EU engagiert sich für Investorenrechte

Doch auch das bewegt Europäische Union und Deutschland nicht, aktiv in den Verhandlungsprozess einzusteigen. „Statt die ausgestreckte Hand endlich zu ergreifen und aktiv konstruktive Vorschläge zu machen, stellt die gesamte EU in Genf auf peinliche Weise ihre Handlungsunfähigkeit und widersprüchliche Haltung zu Menschenrechten und zum Multilateralismus zur Schau“, kritisiert Armin Paasch, der für das Hilfswerk Misereor an den Gesprächen in Genf teilnimmt.
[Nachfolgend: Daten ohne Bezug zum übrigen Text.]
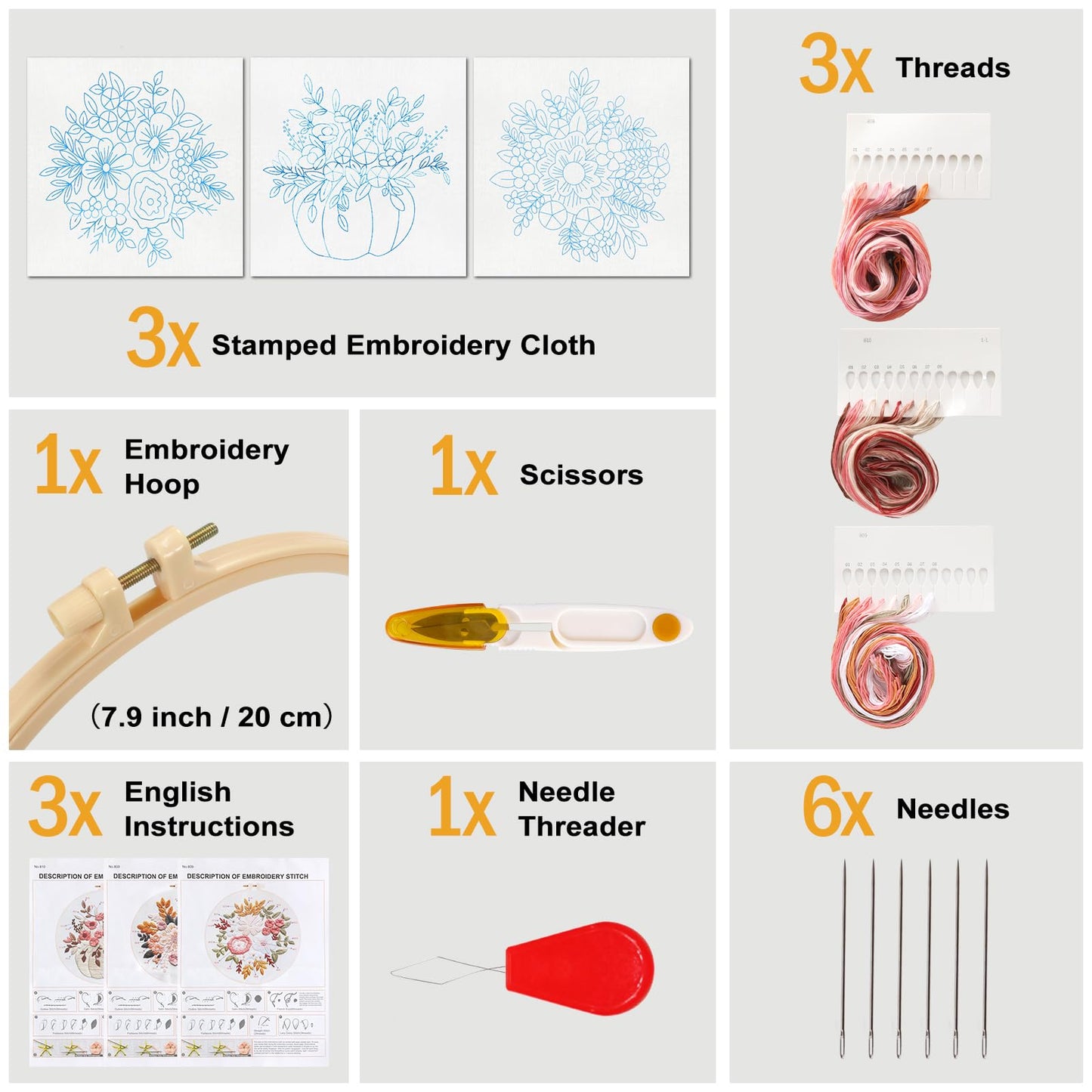 Embroidery Kit for Beginners, 3 Sets Stamped Cross Stitch Kits for Beginner, Floral Pattern Embroidery Starter Kits for Adults with Embroidery Hoop Instructions Threads and Needles Scissors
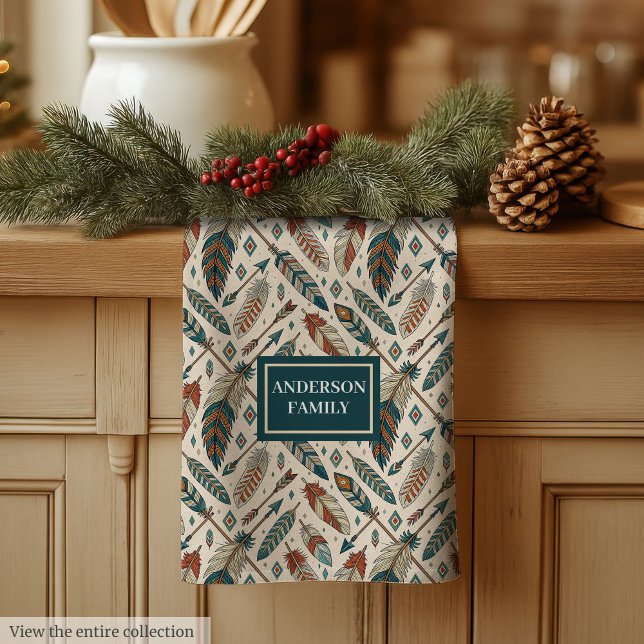 Paño De Cocina Personalized Boho Towel Ethnic Feathers & Arrows (Personalized Boho Towel Ethnic Feathers & Arrows)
Für Karolin Seitz vom Global Policy Forum zieht insbesondere der EU-Hinweis auf die mangelnde Beteiligung anderer Industriestaaten wie USA, Kanada, Japan und Australien nicht. „Würde die EU aktiv am Treaty-Prozess mitwirken, könnte das auch weitere Industrienationen anziehen und damit eine globale Wirkung entfalten.“

Auf einem anderen Parkett zeigt sich die EU in dieser Woche durchaus handlungsfähig und willig. In Wien treibt sie bei der UN-Kommission für internationales Handelsrecht (Uncitral) die Verhandlungen über einen multilateralen Investitionsgerichtshof voran. „Aber da geht es auch um die Profitinteressen europäischer Konzerne“, merkt Paasch süffisant an. Vor einem solchen Investitionsgerichtshof könnten transnationale Unternehmen gegen Regierungen klagen, wenn sie ihre Gewinnerwartungen durch eine soziale oder ökologische Regulierung bedroht sehen.